O fluxo de recursos estrangeiros para a bolsa brasileira não deixa mentir: o interesse do capital externo por papéis que sirvam de diversificação fora dos EUA e que sejam mais baratos na comparação com o atual nível de preços do mercado americano é uma realidade.
Ano passado, os estrangeiros ingressaram com R$ 27 bilhões na bolsa brasileira. E essa demanda se estende por esse começo de ano: esse grupo já aportou R$ 750 milhões no ano até o dia 8.
Só que os dados do fluxo cambial do Banco Central mostram uma retirada sem precedentes de dinheiro pela conta financeira.
Essa conta reúne dados de investimentos estrangeiros em ações, mas não só: entram na matemática o movimento para títulos e investimentos diretos, remessas de lucros e dividendos ao exterior, pagamento de juros de dívidas externas, amortizações de empréstimos e financiamentos internacionais e movimentações financeiras de bancos e empresas. E isso não só pelos estrangeiros, vale destacar, mas também por brasileiros.
O fluxo cambial em 2025 ficou negativo em US$ 33,3 bilhões, resultado da saída de US$ 82,5 bilhões pela conta financeira e da entrada de US$ 49,1 bilhões pela conta comercial (dados das exportações e importações de bens, que interessam menos nessa conversa). O fluxo financeiro representou, no ano passado, a segunda maior saída de dólares do país da série, iniciada em 1982.
Quer dizer, os estrangeiros querem ações, mas têm seus motivos (reforçando: junto com outros investidores brasileiros) para enviar dólares para fora do país.

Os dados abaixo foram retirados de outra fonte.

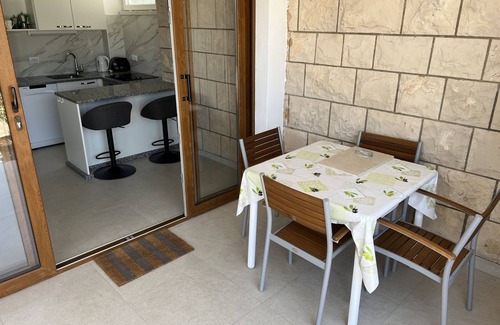 Kneza Apartment | Two bedroom apartment near beach Kneža, Korčula (A-168-a)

A saída de recursos da conta financeira ganhou força por causa de um evento marcante no ano passado: a tributação de dividendos, que já está em vigor. A lei, que estipula a cobrança de 10% sobre o que superar R$ 50 mil por mês (R$ 600 mil por ano), foi formalmente aprovada em novembro, mas a discussão sobre o tema começou em março.
Ou seja: com a nova tributação no horizonte, investidores estrangeiros e brasileiros acabaram estimulados a retirar recursos do país, enquanto empresas antecipavam o pagamento dos proventos antes de terminar o ano.